In late October 2018, the stock market dropped precipitously. From its recent all-time high on September 20 to its close on October 29, the S&P 500 Price Index was down -9.88%.
At the time, many suggested that you should get out of the markets immediately. (Alas, someone is always recommending that.) Articles warned that a Bear Market, a recession, or even a crash was “inevitable.”
Wiser investors realize that jumping in and out of the markets is a foolish investment strategy. At any point you don’t know what direction the market will move next. It could go lower and dip into a Bear Market. It could rise into a Bull Market. We could have a recession. We could have an expansion. Although unlikely, a crash is always possible.
From October 29 until 56 days later on December 24, the market dropped an additional -10.99%. This was a correction down -19.78%, just shy of the definition of a Bear Market, from the September 20th high.
Many headlines, even as of January, are touting that we are in a Bear Market. This statement is, at least currently, false. Investors that are following the advice of the Internet are sadly keeping their money out, waiting for the bottom of a Bear Market that may never come.
As of the close yesterday (January 9th), the market is up 9.95% from the Christmas Eve bottom. The market is approaching the October values that inspired many to first get out of the market. Others got out of the market at lower values which the market is already trading well-above.
The black dot in this graph is the October 29th value. The blue mark is the place where January 9th value has already recovered.
You can always measure how far the markets have fallen from their all-time high. However, if you try to measure how far the markets have risen from their all-time low, it is impossible. The percent gain from the all-time low is nearly infinite. The markets have been appreciating for the past 200 years, albeit with some major corrections, Bear Markets and even a crash or two.

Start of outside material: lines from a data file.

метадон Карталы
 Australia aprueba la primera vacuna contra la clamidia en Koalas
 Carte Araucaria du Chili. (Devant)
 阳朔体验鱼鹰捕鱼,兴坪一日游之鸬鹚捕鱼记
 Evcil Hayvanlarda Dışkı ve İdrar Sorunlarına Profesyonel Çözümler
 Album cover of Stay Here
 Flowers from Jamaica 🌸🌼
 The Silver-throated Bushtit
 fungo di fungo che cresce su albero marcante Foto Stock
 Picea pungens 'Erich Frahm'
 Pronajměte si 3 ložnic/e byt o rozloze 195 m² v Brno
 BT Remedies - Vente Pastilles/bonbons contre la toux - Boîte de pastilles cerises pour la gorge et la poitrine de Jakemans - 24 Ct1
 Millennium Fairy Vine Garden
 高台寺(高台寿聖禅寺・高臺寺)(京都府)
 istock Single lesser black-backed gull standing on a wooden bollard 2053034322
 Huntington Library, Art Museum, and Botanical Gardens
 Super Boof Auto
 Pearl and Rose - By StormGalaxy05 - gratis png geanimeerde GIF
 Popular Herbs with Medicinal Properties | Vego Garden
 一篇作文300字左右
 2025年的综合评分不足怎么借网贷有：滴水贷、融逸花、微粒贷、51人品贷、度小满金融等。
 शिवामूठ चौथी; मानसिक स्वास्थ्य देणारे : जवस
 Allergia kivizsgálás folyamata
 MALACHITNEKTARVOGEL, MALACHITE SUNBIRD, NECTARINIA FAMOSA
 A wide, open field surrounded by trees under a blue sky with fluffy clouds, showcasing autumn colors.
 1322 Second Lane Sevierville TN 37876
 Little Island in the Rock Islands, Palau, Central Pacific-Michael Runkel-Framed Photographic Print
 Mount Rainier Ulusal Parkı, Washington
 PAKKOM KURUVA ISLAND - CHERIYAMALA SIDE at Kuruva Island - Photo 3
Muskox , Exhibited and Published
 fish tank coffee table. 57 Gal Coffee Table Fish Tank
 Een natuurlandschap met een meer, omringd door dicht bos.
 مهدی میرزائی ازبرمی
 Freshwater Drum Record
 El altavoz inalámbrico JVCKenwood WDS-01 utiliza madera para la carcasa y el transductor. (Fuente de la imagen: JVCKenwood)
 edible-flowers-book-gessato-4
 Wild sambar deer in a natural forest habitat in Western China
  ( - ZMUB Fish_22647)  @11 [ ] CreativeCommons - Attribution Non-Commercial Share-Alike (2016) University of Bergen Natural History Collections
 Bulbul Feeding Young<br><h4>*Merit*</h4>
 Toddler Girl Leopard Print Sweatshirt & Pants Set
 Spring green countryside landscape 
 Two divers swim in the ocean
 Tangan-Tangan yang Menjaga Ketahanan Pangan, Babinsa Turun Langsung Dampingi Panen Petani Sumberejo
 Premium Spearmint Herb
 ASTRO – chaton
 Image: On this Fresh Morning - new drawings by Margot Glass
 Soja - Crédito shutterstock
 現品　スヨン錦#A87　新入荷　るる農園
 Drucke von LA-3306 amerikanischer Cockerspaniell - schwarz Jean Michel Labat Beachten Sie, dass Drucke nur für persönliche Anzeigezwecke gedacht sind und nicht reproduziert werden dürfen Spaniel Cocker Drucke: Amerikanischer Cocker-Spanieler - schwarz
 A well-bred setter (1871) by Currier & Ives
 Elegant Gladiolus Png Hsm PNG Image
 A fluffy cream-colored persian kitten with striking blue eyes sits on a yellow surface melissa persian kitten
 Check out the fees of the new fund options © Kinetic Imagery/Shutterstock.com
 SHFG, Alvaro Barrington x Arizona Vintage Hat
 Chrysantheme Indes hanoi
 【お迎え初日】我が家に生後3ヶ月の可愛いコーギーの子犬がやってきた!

I’ve heard many investors say, “Well, the markets can’t just go up forever, can they?” To which, I would reply, “They have so far, haven’t they?”
Obviously, I am publishing this article before we find out what happens this time. The market might go lower into a Bear Market, but at some point in the future, I feel confident the stock market will be at levels that are double what they are now. Jumping in and out of the markets risks investors under performing the very markets they are invested in because they will sell after the market has gone down and refuse to get back in until the markets are trading at values higher than when they got out.
To make the strategy of jumping in and out of the markets successful would require a precision only achieved by luck. In contrast, staying invested and diversified requires resolve not luck.